3.- Recurso Especial improvido, com observação de que julgamento das teses ora firmadas visa a equalizar especificamente o julgamento das ações de indenização efetivamente movidas diante do acidente ocorrido com o Navio N-T Norma, no Porto de Paranaguá, no dia 18.10.2001, mas, naquilo que encerram teses gerais, aplicáveis a consequências de danos ambientais causados em outros acidentes semelhantes, serão, como natural, evidentemente considerados nos julgamentos a se realizarem.
(REsp 1114398/PR, Rel. Ministro SIDNEI BENETI, SEGUNDA SEÇÃO, julgado em 08/02/2012, DJe 16/02/2012)(grifos nossos)
DIREITO CIVIL. RECURSO ESPECIAL. RESPONSABILIDADE CIVIL. DANO AMBIENTAL. RESPONSABILIDADE OBJETIVA PELA EMISSÃO DE FLÚOR NA ATMOSFERA. TEORIA DO RISCO INTEGRAL. POSSIBILIDADE DE OCORRER DANOS INDIVIDUAIS E À COLETIVIDADE. NEXO DE CAUSALIDADE. SÚMULA N. 7/STJ. DANO MORAL IN RE IPSA.
1. Inexiste violação do art. 535 do Código de Processo Civil se todas as questões jurídicas relevantes para a solução da controvérsia são apreciadas, de forma fundamentada, sobrevindo, porém, conclusão em sentido contrário ao almejado pela parte.
2. É firme a jurisprudência do STJ no sentido de que, nos danos ambientais, incide a teoria do risco integral, advindo daí o caráter objetivo da responsabilidade, com expressa previsão constitucional (art. 225, § 3º, da CF) e legal (art. 14, § 1º, da Lei n. 6.938/1981), sendo, por conseguinte, descabida a alegação de excludentes de responsabilidade, bastando, para tanto, a ocorrência de resultado prejudicial ao homem e ao ambiente advindo de uma ação ou omissão do responsável.
3. A premissa firmada pela Corte de origem, de existência de relação de causa e efeito entre a emissão do flúor na atmosfera e o resultado danoso na produção rural dos recorridos, é inafastável sem o reexame da matéria fática, procedimento vedado em recurso especial. Aplicação da Súmula 7/STJ.
4. É jurisprudência pacífica desta Corte o entendimento de que um mesmo dano ambiental pode atingir tanto a esfera moral individual como a esfera coletiva, acarretando a responsabilização do poluidor em ambas, até porque a reparação ambiental deve ser feita da forma mais completa possível.
5. Na hipótese, a leitura da exordial afasta qualquer dúvida no sentido de que os autores - em sua causa de pedir e pedido - pleiteiam, dentre outras, a indenização por danos extrapatrimonias no contexto de suas esferas individuais, decorrentes do dano ambiental ocasionado pela recorrente, não havendo falar em violação ao princípio da adstrição, não tendo a sentença deixado de apreciar parcela do pedido (citra petita) nem ultrapassado daquilo que fora pedido (ultra petita).
6. A admissibilidade do recurso especial, na hipótese da alínea "c" do permissivo constitucional, exige a indicação das circunstâncias que identificam ou assemelham os casos confrontados, mediante o cotejo dos fundamentos da decisão recorrida com o acórdão paradigma, a fim de demonstrar a divergência jurisprudencial existente (arts. 541 do CPC e 255 do RISTJ).
7. Recurso especial a que se nega provimento.
(REsp 1175907/MG, Rel. Ministro LUIS FELIPE SALOMÃO, QUARTA TURMA, julgado em 19/08/2014, DJe 25/09/2014)

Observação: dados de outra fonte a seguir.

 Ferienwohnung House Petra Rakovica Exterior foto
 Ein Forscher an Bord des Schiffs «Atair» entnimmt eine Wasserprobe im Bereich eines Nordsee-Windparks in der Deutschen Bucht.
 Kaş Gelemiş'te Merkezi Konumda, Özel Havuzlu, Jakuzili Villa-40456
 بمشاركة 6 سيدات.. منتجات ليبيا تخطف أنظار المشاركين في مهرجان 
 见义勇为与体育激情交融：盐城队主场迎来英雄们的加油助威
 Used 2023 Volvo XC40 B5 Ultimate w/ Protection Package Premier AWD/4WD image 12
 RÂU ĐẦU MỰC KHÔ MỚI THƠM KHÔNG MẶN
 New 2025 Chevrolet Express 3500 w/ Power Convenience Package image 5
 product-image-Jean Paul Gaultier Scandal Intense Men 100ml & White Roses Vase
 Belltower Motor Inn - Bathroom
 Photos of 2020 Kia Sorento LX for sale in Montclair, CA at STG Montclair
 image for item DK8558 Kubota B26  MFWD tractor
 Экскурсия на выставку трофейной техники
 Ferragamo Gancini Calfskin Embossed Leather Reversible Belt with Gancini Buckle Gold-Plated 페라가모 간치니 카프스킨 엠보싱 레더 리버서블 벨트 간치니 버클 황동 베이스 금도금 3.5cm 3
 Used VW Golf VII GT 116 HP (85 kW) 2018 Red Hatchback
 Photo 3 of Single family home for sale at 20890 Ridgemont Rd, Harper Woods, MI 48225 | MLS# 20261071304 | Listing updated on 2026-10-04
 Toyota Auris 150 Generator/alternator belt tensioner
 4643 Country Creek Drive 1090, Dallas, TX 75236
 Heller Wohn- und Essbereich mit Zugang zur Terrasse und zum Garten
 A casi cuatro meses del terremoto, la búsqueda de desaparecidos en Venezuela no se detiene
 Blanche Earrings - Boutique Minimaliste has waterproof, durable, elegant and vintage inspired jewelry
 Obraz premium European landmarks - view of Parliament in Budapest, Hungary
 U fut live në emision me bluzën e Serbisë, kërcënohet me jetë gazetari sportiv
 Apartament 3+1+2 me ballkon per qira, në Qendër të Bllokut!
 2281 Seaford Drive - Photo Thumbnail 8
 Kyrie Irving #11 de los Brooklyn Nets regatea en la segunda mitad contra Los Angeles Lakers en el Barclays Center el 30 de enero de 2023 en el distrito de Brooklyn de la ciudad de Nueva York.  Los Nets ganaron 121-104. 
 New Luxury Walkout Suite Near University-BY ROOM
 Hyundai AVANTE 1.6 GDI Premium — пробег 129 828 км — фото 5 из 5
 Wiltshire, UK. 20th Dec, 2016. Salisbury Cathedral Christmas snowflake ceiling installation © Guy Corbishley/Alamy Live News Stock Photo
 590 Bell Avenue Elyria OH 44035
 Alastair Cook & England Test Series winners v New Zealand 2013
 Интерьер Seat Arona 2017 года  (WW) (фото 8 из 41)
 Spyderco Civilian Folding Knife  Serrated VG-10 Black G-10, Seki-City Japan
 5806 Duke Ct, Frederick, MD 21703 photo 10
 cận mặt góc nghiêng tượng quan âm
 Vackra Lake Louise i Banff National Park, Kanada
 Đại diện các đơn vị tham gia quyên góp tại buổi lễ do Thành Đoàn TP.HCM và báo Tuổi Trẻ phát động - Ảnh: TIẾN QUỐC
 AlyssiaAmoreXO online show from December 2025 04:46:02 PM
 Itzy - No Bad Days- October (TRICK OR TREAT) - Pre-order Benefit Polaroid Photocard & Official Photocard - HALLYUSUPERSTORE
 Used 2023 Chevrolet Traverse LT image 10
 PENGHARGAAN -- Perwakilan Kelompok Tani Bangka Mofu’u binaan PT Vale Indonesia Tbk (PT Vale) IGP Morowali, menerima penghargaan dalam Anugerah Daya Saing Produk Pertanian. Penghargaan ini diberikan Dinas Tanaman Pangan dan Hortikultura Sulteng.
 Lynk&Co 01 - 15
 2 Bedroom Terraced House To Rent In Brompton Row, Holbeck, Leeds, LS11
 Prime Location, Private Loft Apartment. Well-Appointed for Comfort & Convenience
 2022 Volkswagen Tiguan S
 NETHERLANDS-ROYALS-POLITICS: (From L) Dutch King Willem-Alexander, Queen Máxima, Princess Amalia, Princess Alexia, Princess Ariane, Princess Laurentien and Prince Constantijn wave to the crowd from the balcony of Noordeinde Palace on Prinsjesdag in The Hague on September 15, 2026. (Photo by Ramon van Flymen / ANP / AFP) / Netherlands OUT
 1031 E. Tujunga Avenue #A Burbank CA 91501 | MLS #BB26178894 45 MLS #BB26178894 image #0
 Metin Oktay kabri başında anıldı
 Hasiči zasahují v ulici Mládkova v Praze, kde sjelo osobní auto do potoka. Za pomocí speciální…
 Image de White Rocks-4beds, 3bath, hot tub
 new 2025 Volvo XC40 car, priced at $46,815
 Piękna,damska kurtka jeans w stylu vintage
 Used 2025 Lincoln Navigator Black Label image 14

Assim, basta a demonstração do dano ambiental e o nexo causal entre o resultado lesivo e a situação de risco criada pelo agente no exercício de atividade, no seu interesse e sob seu controle, dispensando-se o elemento subjetivo, para resultar na responsabilidade por dano ambiental.


Outrossim, como já visto, a obrigação de reparar os danos ambientais é considerada propter rem, sendo irrelevante que o autor da degradação ambiental inicial não seja o atual o proprietário, possuidor ou ocupante, pois aquela adere ao título de domínio ou posse, sem prejuízo da solidariedade entre os vários causadores do dano, sendo inviável qualquer alegação de direito adquirido à degradação, nos termos do artigo 7° do novo Código Florestal:


"Art. 7o A vegetação situada em Área de Preservação Permanente deverá ser mantida pelo proprietário da área, possuidor ou ocupante a qualquer título, pessoa física ou jurídica, de direito público ou privado.
§ 1o Tendo ocorrido supressão de vegetação situada em Área de Preservação Permanente, o proprietário da área, possuidor ou ocupante a qualquer título é obrigado a promover a recomposição da vegetação, ressalvados os usos autorizados previstos nesta Lei.
§ 2o A obrigação prevista no § 1o tem natureza real e é transmitida ao sucessor no caso de transferência de domínio ou posse do imóvel rural."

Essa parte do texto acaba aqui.